À chaque fois, se pose la question : le gouvernement va-t-il maintenir ou pas certaines de ces régressions à l’issue de la période “exceptionnelle”. Et surtout : comment faire pour l’en empêcher ?
La question se pose aussi concernant le télétravail. En effet, prétendant tirer les leçons de la crise sanitaire, l’accord précise par deux fois qu’il s’agit de faire du télétravail non pas un dispositif ponctuel très cadré d’un point de vue réglementaire, mais une modalité de travail presque normale : “un des modes d’organisation du travail” (préambule), et même “un mode d’organisation parmi d’autres” (aussi banal que les autres, donc). Du coup, très logiquement, l’accord trace une perspective : celle de son développement irrésistible hors situation de crise, puisqu’il s’agit de “favoriser le développement du télétravail” (préambule).
Qui dit développement important, dit pouvoir contraindre les personnels, ce qui pose la question du volontariat (sachant que par ailleurs, le “volontariat” peut s’obtenir par des pressions plus ou moins directes). La question du volontariat des personnels est en théorie clairement réaffirmée au début de l’accord (et sa contrepartie, la réversibilité), tout en affirmant que le télétravail pourra être “mis en œuvre à la demande des employeurs” en cas de situation de “crise”. Sauf qu’il ouvre la voie à bien davantage, quand il précise que cette organisation du travail pourra être considérée par la hiérarchie comme “nécessaire en cas de circonstances exceptionnelles durables, notamment en cas de pandémie ou de catastrophe naturelle”. Le “notamment”, qui n’est pas limitatif, n’est pas sans laisser une confortable marge d’appréciation au gouvernement et à la hiérarchie ; surtout quand on sait que le soin de définir son cadre réel sera renvoyé à des négociations éclatées voire locales. Ce qui est tout le contraire d’un cadrage national qui empêcherait la hiérarchie administrative d’user et abuser de la notion de “circonstances exceptionnelles”.

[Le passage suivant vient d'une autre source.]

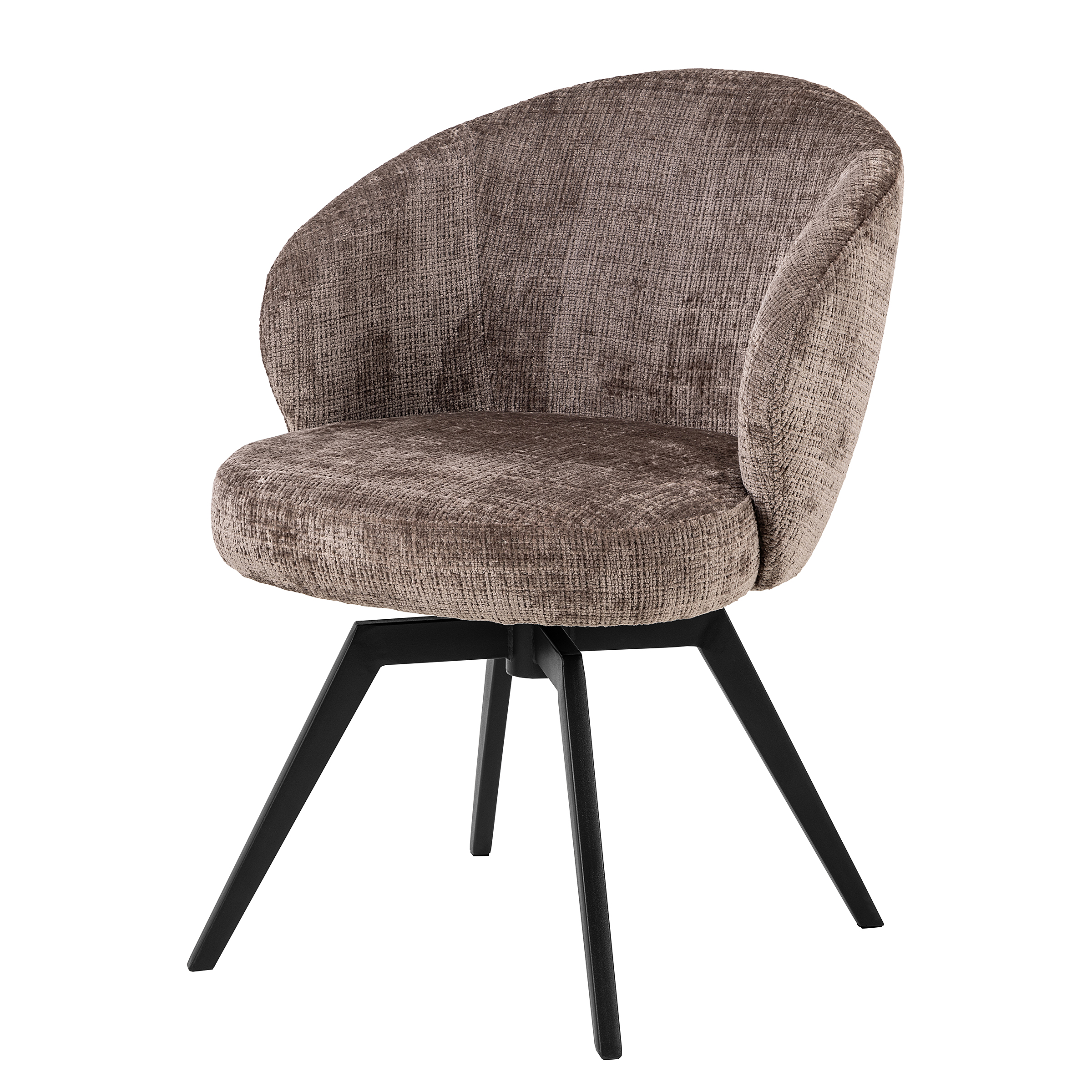 Armchair PERIM Textured fabric Steel Brown Black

Cerise amère sur gâteau défraîchi
Enfin, la méthode : certaines directions syndicales le reconnaissent elles-mêmes, la démarche gouvernementale est de signer des accords, et imposant systématiquement un calendrier et des modes de négociation précipités, entravant tout possibilité de mobilisation et même d’information/consultation des personnels (le Conseil National de la FSU ayant voté pour la signature s’est tenu dans une brève visio-conférence…). Au vu de ce qui est écrit plus haut, quel est l’intérêt pour les travailleurs et travailleuses de la Fonction publique d’un tel accord ? Aucun. D’ailleurs, les directions de la FSU et de Solidaires ont au moins la franchise de le reconnaitre de manière explicite (d’autres vantent, toute honte bue, les supposées avancées revendicatives) : elles signent l’accord non pas parce qu’il contient des avancées, ni même parce qu’il écarte des dangers… mais pour pouvoir discuter de son application dans les prochains mois (conclusion du communiqué de Solidaires Fonction publique : “Solidaires considère qu’il doit être présent au comité de suivi et a donc signé cet accord sur le télétravail”). En effet, le comité de suivi est réservé aux organisations signataires e l’accord.

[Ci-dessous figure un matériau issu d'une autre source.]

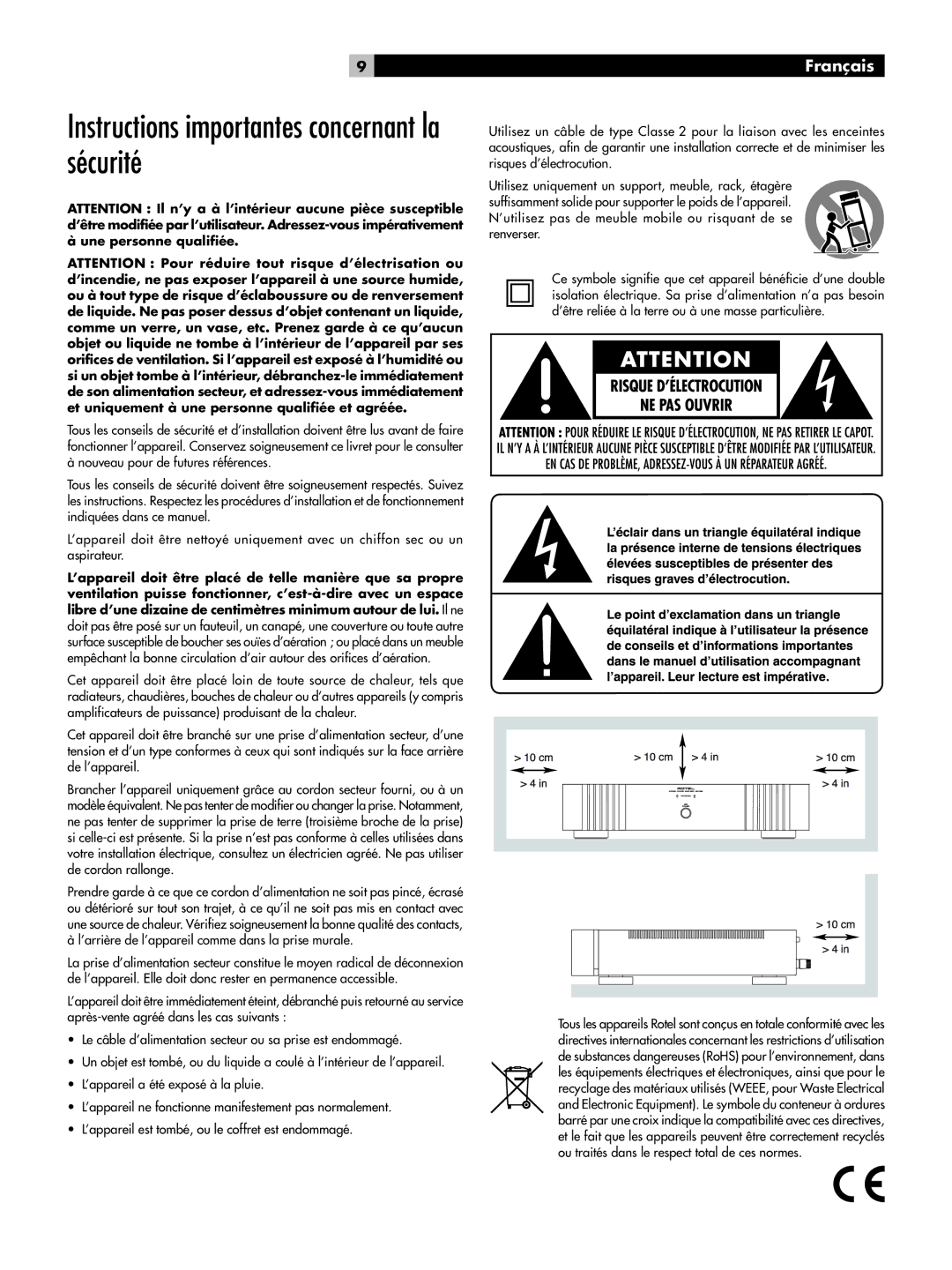 Rotel RB-1092 owner manual Instructions importantes concernant la sécurité, Français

Et c’est la cerise sur la gâteau : de fait, cet accord qui ne cadre rien du tout ou presque, se négociera et se déclinera localement. Le texte renvoie un nombre considérable de fois au “dialogue social de proximité” : autrement dit une négociation émiettée, non seulement ministère par ministère, mais aussi possiblement service par service. Autrement dit : un émiettement des cadres collectifs, au gré des rapports de force locaux, cohérent avec la haine de ce pouvoir vis-à-vis des garanties statutaires nationales.
Et l’enseignement ?
C’est une question particulière et sensible (à plus forte raison dans la FSU), tout le monde étant échaudé par le développement du télé-enseignement depuis mars 2020. En théorie, pas de crainte : l’enseignement à distance ne rentre pas dans le cadre du télétravail, les enseignant·es n’ont pas crainte à avoir.
Sauf que justement, au gouvernement c’est une piste très sérieuse. Elle se décline de diverses façons. Ainsi, suite au “Grenelle de l’éducation”, Blanquer envisage ouvertement le développement des cours en ligne pour pallier aux absences de personnels non remplacées (autrement dit au nombre insuffisant de personnels), dans le cadre de la “continuité du service public” qui est aussi celui mis en avant par l’accord pour développer le télétravail ! De même, à l’Assemblée s’est constituée une “Mission d’information sur l’enseignement hybride ou à distance” : ce qui là non plus n’augure rien de bon et peut préfigurer une modification des obligations e-service des personnels, nécessaire pour leur imposer ces tâches si l’on veut vraiment développer ce type d’“enseignement”.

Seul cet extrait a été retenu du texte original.